Rings of Power ve House of the Dragon dizilerinin kalitelerini, senaryolarını, oyuncu seçimlerini saatlerce tartışabiliriz. Fakat bu iki dizinin de geek âlemine can suyu olduğu konusunda hepimiz hemfikirizdir sanırım. Hafta sonları Rings of Power, hafta içleri de House of the Dragon konuşarak zamanın nasıl geçtiğini anlamıyoruz. Baksanıza, Rings of Power’ın sezon finali geldi çattı resmen. Yine de sezon finaline gelmeden önce yorumlayacağımız son bir bölüm kaldı. Gelin, Rings of Power’ın The Eye isimli yedinci bölümünü spoilerlı olarak incelemeye başlayalım.

Açılış Sonrası Yaşananlar

Geçtiğimiz bölümde Rings of Power’ın neredeyse başlangıcından itibaren gözümüze sokulan “kabzanın” gerçek amacını nihayet anlamış ve bundan hiç memnun kalmamıştım. Mordor’un merkezinde yer alan Hüküm Dağı’nın patlamasına ve nihayetinde Güney Toprakları’nın Mordor’a dönüşmesine şahit olduğumuz dizimiz, tam olarak önceki bölümde kaldığımız yerden devam etti ve bizi, kaos içerisindeki kahramanlarımızın yanına götürdü. Patlama yüzünden kıpkırmızı olan gökyüzünün altında birbirlerini arayan Numenorlular ve Galadriel, bize ne kadar kaotik bir durumda olduklarını gösterdiler. Ayrıca dizinin tanıtımlarında kullanılan Galadriel’in kırmızılar içerisindeki sahnesinin bu bölüme ait olduğunu da anlamış olduk. Ne teoriler kurmuştuk be. Yok Akraba Kıyımı yok Sayısız Gözyaşı Savaşı diye birbirimizi yiyip durmuştuk. Şimdi bunların hiçbirinin bir önemi yok tabii.

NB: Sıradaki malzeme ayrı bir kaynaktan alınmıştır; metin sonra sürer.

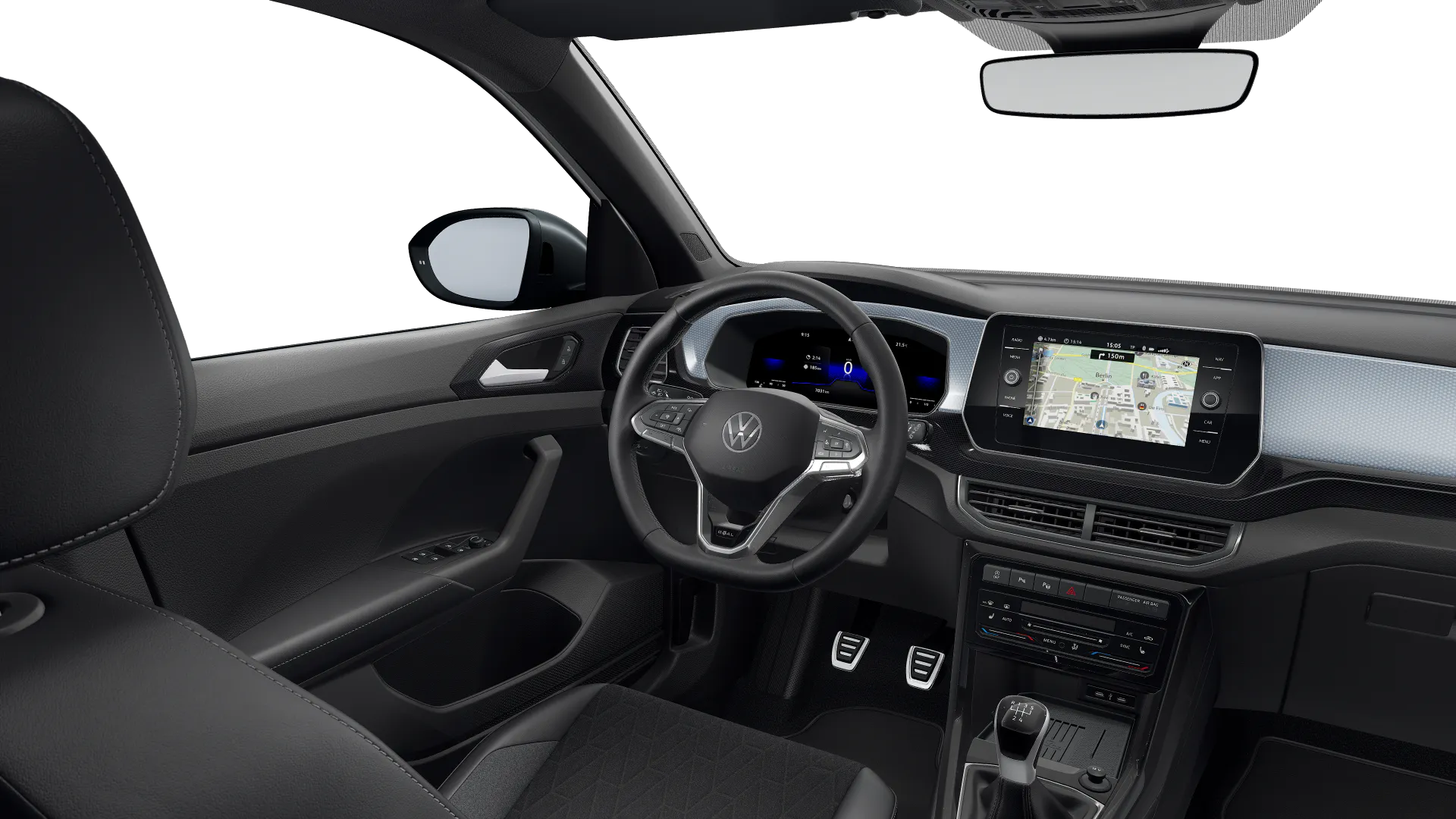 Volkswagen T-Cross Life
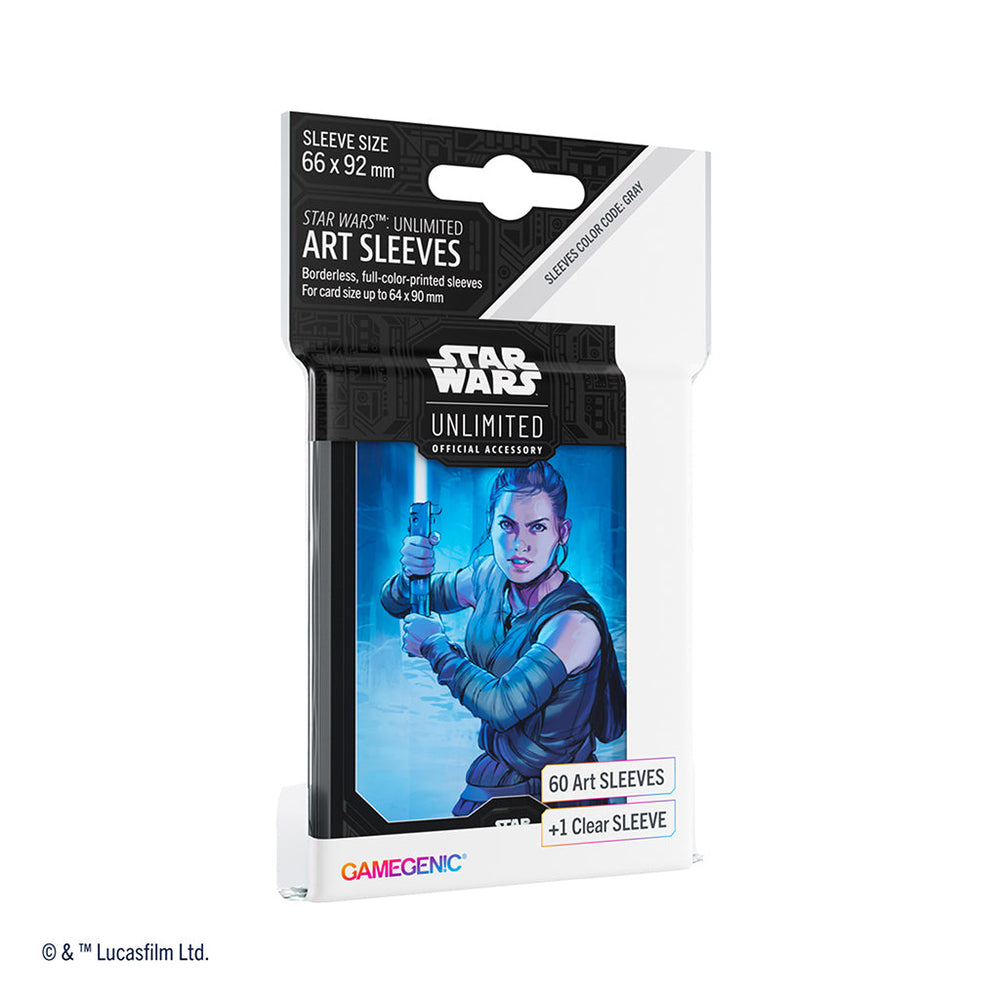 Star Wars Unlimited: Art Sleeves (Online Order Only)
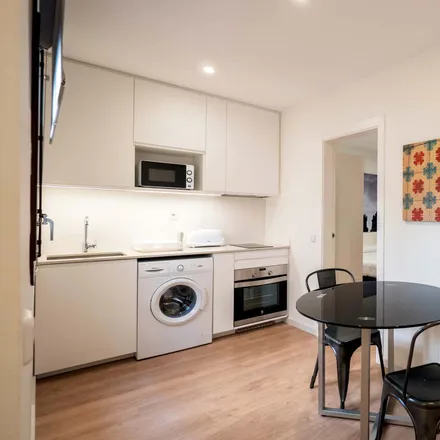 Rent this studio apartment on Carrer de Pelai in 52, 08001 Barcelona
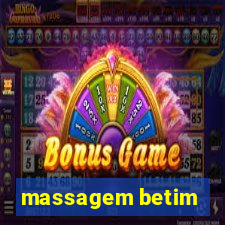 massagem betim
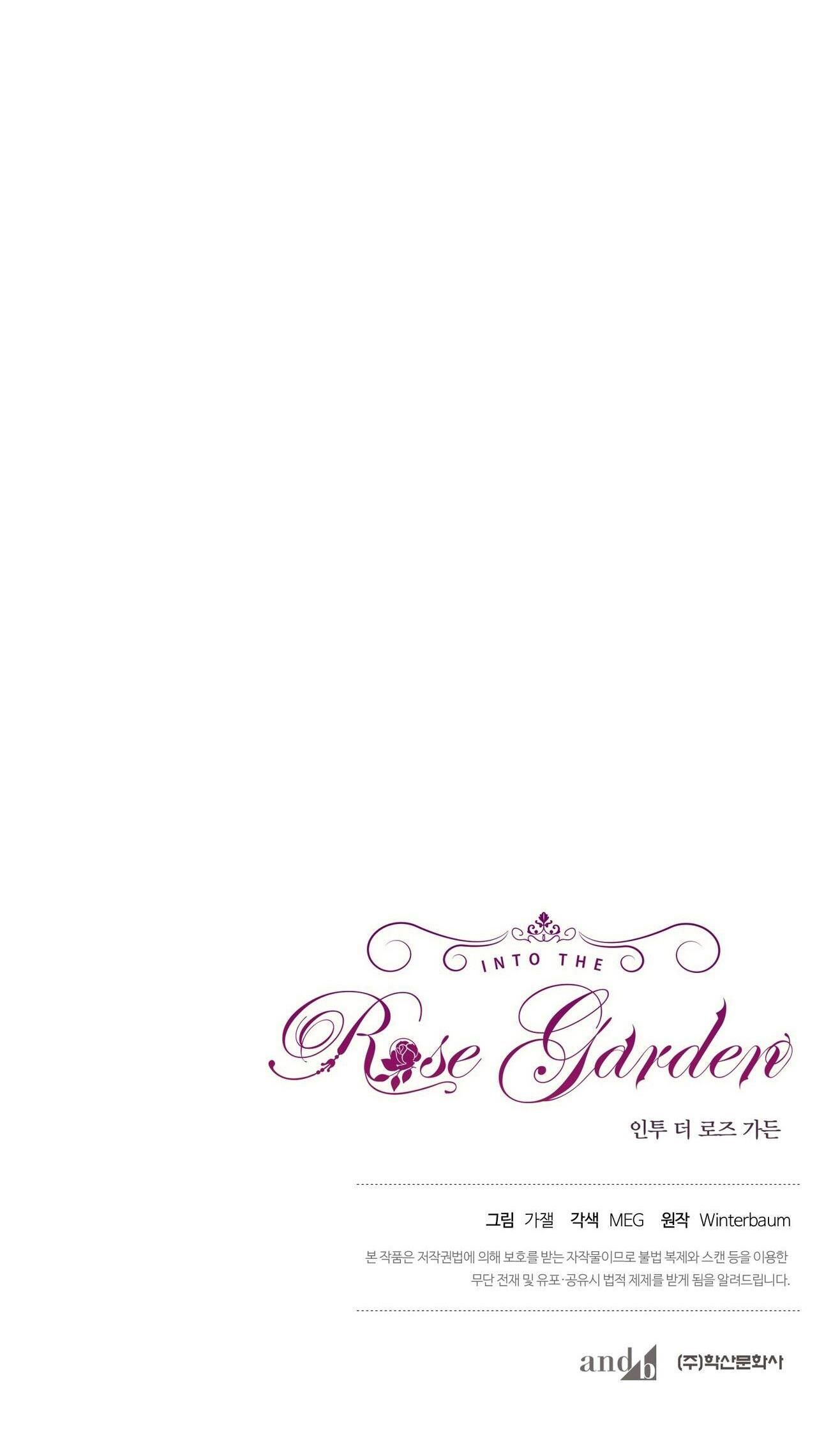 đọc truyện Into The Rose Garden Chương 37 ảnh 46 tại Truyện Dạ Ký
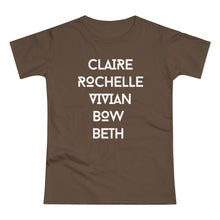 Load image into Gallery viewer, Limited Edition MotivatHER Black TV Moms Rock T-Shirt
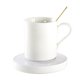thumbnail image 1 of Naiovety Posavasos con calefacción USB, calentador de taza portátil, taza de café, agua, leche, termostato para escritorio de oficina, regalo Cocina y Comedor, 1 of 6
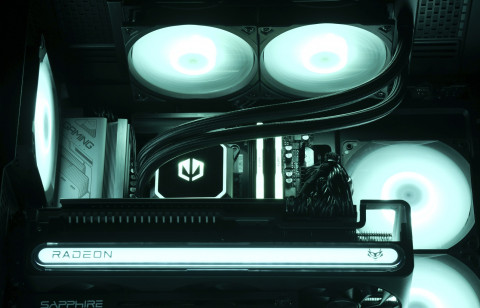 Komputer Actina View 7800X3D/32GB/1TB/RX7900XTX/850W - Galeria zdjęcie 19
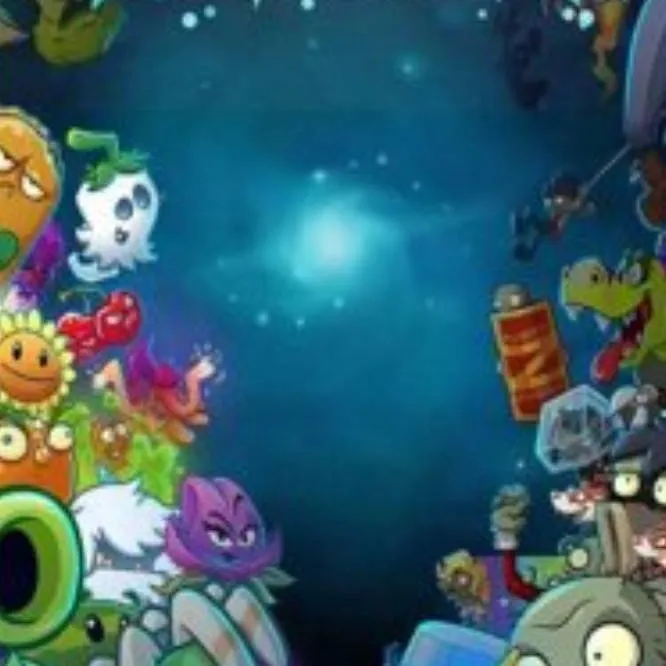 chat with ai character: pvz + pvz 2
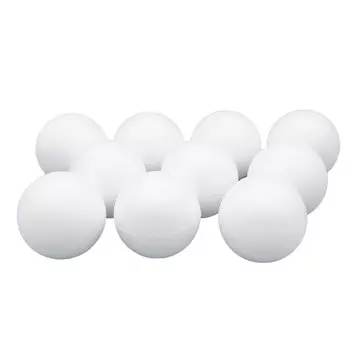 Заготовка для декорирования из пенопласта 'Шар', d 8см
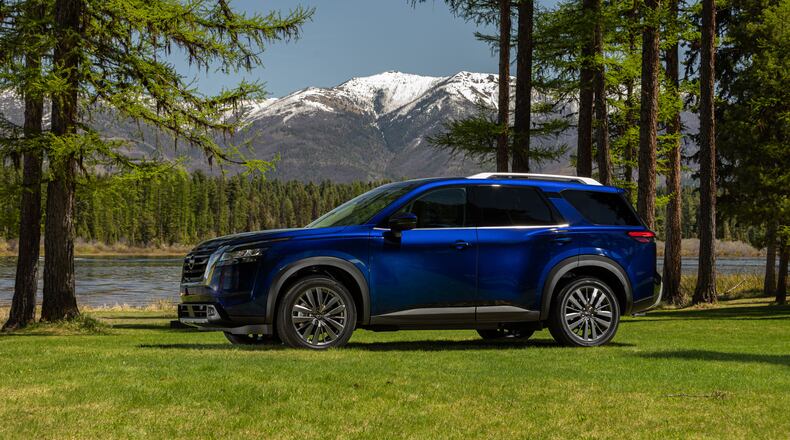Passion runs deep for the iconic Nissan Pathfinder. Owners love its long heritage of rugged capability, and they want more of it – while seeking family flexibility and advanced connectivity and safety features. (Photo: Business Wire)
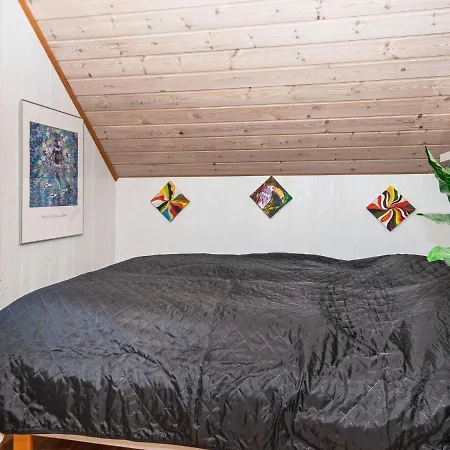 Holiday home 4 Person In Odder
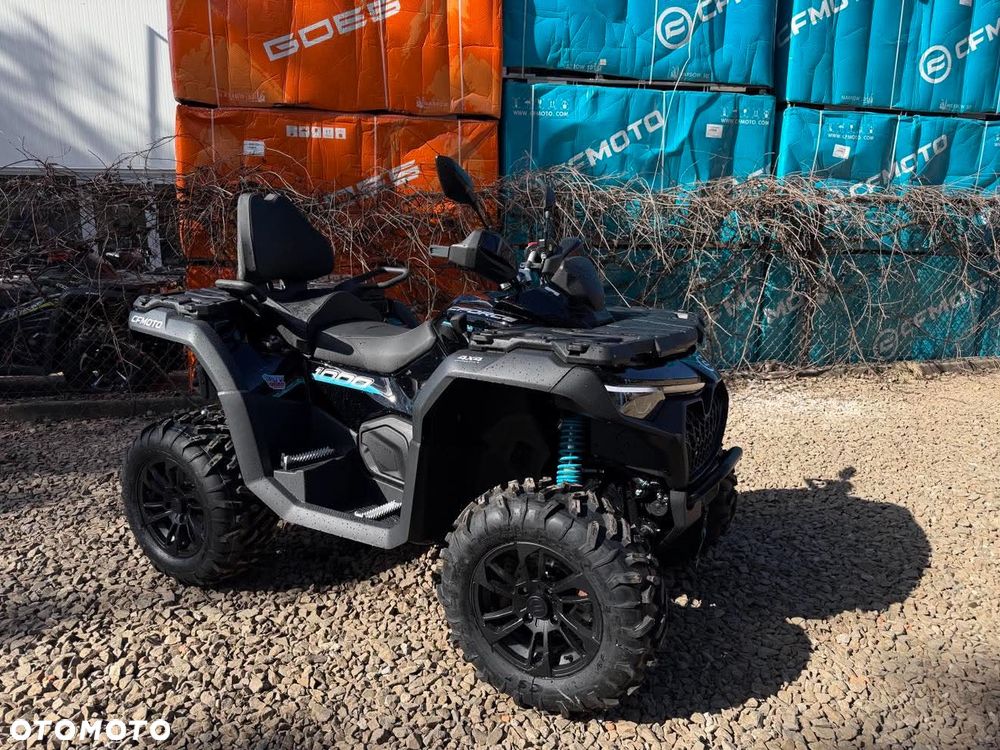 CFMoto CForce - 10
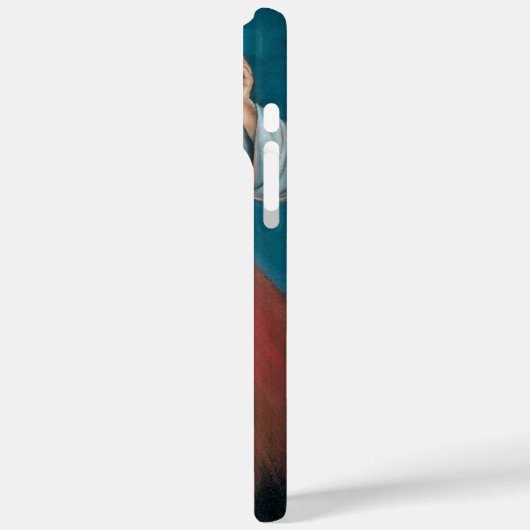 Divine Mercy Case-Mate iPhone Case (Achterkant / Links)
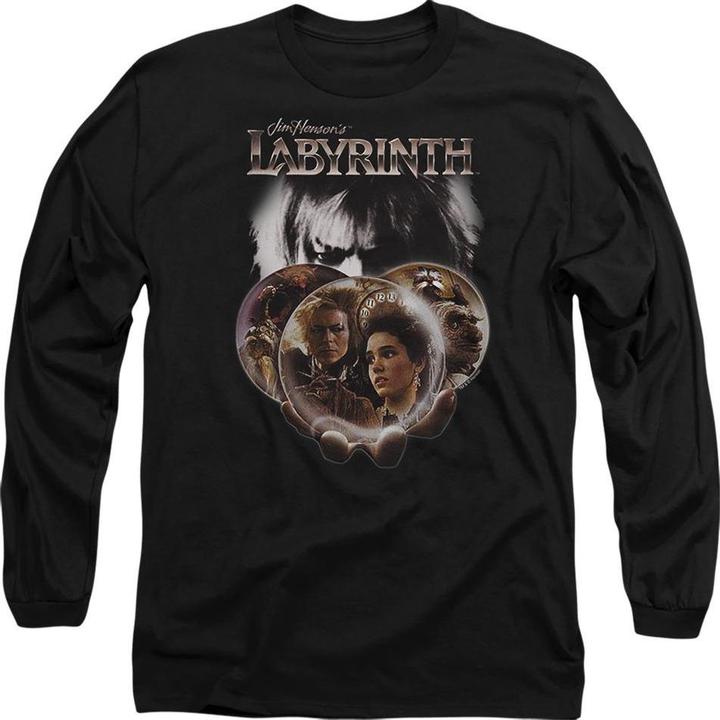 Produktbild TShirt Langärmlig (M)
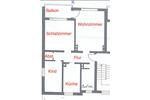 Etagenwohnung München Moosach - 3 Zimmer, 68 m&sup2;, 275.000&euro; | Angebot:26904590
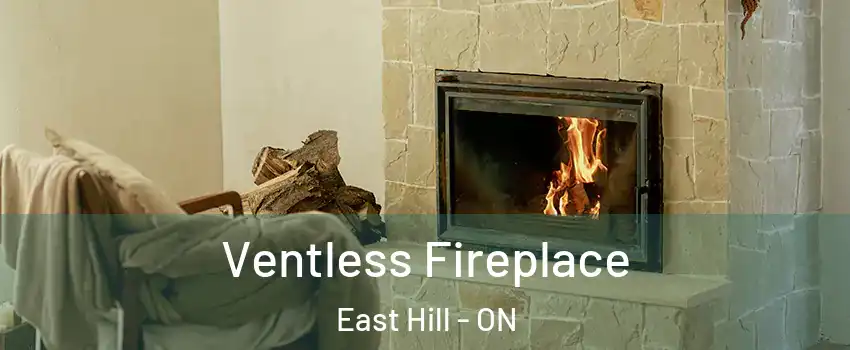 Ventless Fireplace East Hill - ON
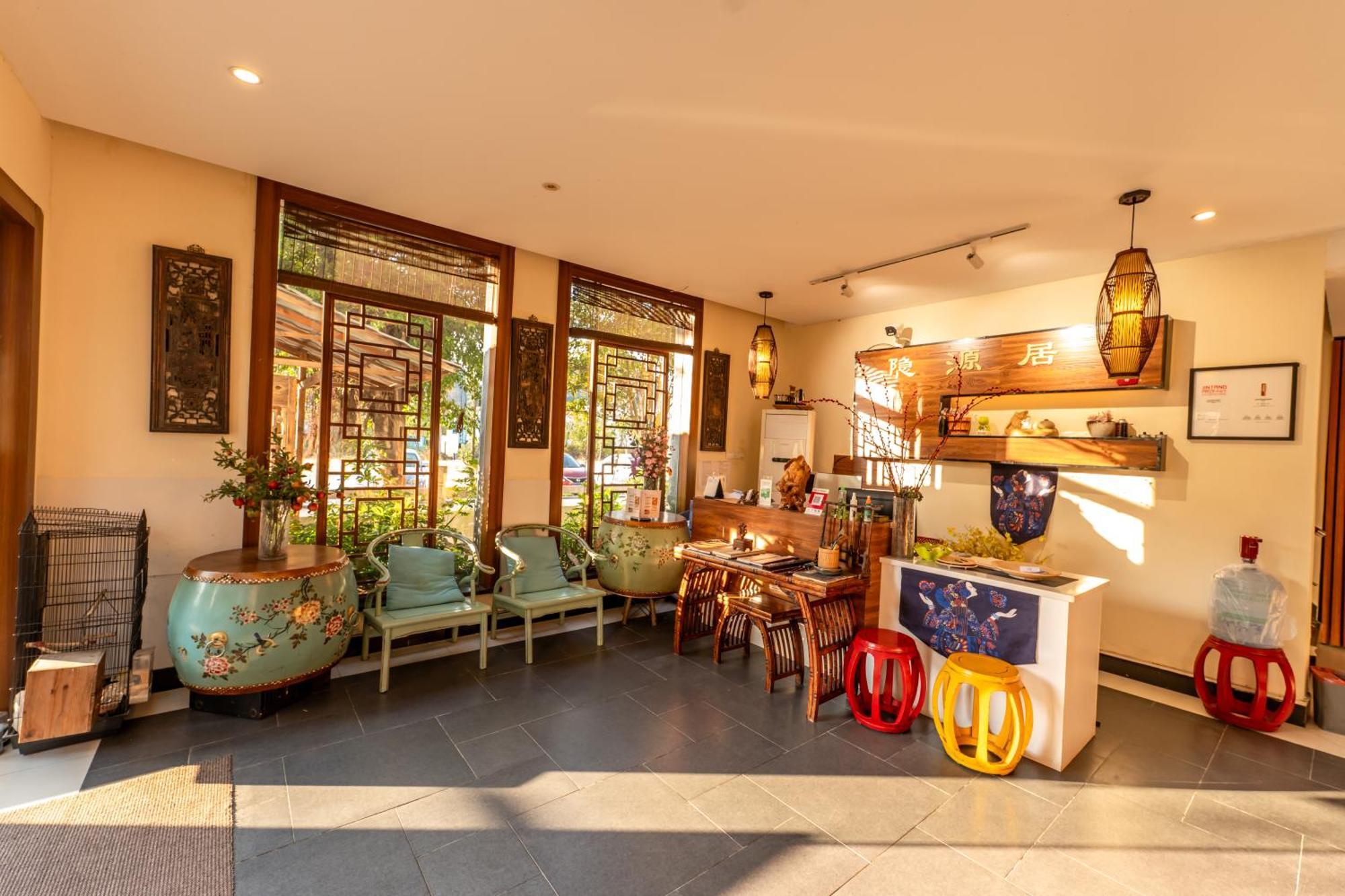 Secret Courtyard Resort Hotel กุ้ยหลิน ภายนอก รูปภาพ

Açıkçası Güney Toprakları’ndaki kahramanlarımız hakkında konuşulacak çok az şey var gibi hissediyorum. Theo ve Galadriel’in acayip yolculukları bir kenara dursun, Naip Kraliçe’nin kör olma hikâyesi ve onun ardından yaşanan tüm olaylara anlam vermekte güçlük çektim. Özellikle Tar-Míriel’in, “Numenor geri dönecek!” sözlerinin ardından Elendil’in arkasını dönerek kameraya doğru ağlama sahnesinin benzerlerini çekmeyi Türk dizileri bile birkaç yıl önce bıraktı. Gerçekten helal olsun, ancak bu kadar kötü çekilebilirdi bir sahne.

Yanlış anlamayın, Elendil’in duygusal olmasını anlıyorum. Zira bu bölüm en büyük acıyı o çekti ve evladı Isildur’un göçük altında kaldığını öğrendi. Şahsen bu noktada “Acaba bunlar, Isildur’u öldürmüş olabilirler mi?” diye düşünmedim değil. Ama daha sonra Isildur’un atının huysuzlanması üzerine Elendil’in onu serbest bırakmasıyla her şey açıklığa kavuştu bende. Sevgili Rings of Power yapımcılarımız, Lord of the Rings üçlemesinden bir sahne daha apararak, tıpkı Brego’nun Aragorn’u kurtarması gibi Isildur’un atının da Isildur’u kurtarmasını izletecekler bize.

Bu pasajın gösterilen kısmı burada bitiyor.